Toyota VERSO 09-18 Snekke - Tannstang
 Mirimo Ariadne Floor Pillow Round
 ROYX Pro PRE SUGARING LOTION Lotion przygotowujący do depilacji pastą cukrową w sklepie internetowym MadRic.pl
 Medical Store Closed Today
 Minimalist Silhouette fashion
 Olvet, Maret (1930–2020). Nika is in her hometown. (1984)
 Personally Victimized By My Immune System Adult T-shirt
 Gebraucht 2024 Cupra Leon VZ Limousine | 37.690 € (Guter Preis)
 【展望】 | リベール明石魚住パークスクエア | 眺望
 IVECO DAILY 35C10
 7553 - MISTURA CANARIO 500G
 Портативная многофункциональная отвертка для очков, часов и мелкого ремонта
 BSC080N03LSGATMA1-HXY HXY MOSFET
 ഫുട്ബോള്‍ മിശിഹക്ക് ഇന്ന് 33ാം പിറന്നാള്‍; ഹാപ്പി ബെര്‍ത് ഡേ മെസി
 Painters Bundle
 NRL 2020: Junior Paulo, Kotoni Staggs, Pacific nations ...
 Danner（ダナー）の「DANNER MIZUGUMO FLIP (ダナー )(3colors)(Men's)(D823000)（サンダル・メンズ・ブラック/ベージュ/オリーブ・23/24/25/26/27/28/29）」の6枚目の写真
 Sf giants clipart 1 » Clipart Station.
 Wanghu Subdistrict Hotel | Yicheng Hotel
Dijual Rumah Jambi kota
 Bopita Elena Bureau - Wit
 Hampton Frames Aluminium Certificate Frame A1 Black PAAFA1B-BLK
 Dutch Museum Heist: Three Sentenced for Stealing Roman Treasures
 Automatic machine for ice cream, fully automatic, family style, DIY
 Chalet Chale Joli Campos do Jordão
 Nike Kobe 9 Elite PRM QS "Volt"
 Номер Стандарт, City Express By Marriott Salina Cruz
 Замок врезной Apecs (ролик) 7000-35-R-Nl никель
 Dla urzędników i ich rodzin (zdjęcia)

------------------------------------------------------------------------

Your task: The entries are to be repeated exactly, with nothing altered.

Output for this exercise:
Toyota VERSO 09-18 Snekke - Tannstang
 Mirimo Ariadne Floor Pillow Round
 ROYX Pro PRE SUGARING LOTION Lotion przygotowujący do depilacji pastą cukrową w sklepie internetowym MadRic.pl
 Medical Store Closed Today
 Minimalist Silhouette fashion
 Olvet, Maret (1930–2020). Nika is in her hometown. (1984)
 Personally Victimized By My Immune System Adult T-shirt
 Gebraucht 2024 Cupra Leon VZ Limousine | 37.690 € (Guter Preis)
 【展望】 | リベール明石魚住パークスクエア | 眺望
 IVECO DAILY 35C10
 7553 - MISTURA CANARIO 500G
 Портативная многофункциональная отвертка для очков, часов и мелкого ремонта
 BSC080N03LSGATMA1-HXY HXY MOSFET
 ഫുട്ബോള്‍ മിശിഹക്ക് ഇന്ന് 33ാം പിറന്നാള്‍; ഹാപ്പി ബെര്‍ത് ഡേ മെസി
 Painters Bundle
 NRL 2020: Junior Paulo, Kotoni Staggs, Pacific nations ...
 Danner（ダナー）の「DANNER MIZUGUMO FLIP (ダナー )(3colors)(Men's)(D823000)（サンダル・メンズ・ブラック/ベージュ/オリーブ・23/24/25/26/27/28/29）」の6枚目の写真
 Sf giants clipart 1 » Clipart Station.
 Wanghu Subdistrict Hotel | Yicheng Hotel
Dijual Rumah Jambi kota
 Bopita Elena Bureau - Wit
 Hampton Frames Aluminium Certificate Frame A1 Black PAAFA1B-BLK
 Dutch Museum Heist: Three Sentenced for Stealing Roman Treasures
 Automatic machine for ice cream, fully automatic, family style, DIY
 Chalet Chale Joli Campos do Jordão
 Nike Kobe 9 Elite PRM QS "Volt"
 Номер Стандарт, City Express By Marriott Salina Cruz
 Замок врезной Apecs (ролик) 7000-35-R-Nl никель
 Dla urzędników i ich rodzin (zdjęcia)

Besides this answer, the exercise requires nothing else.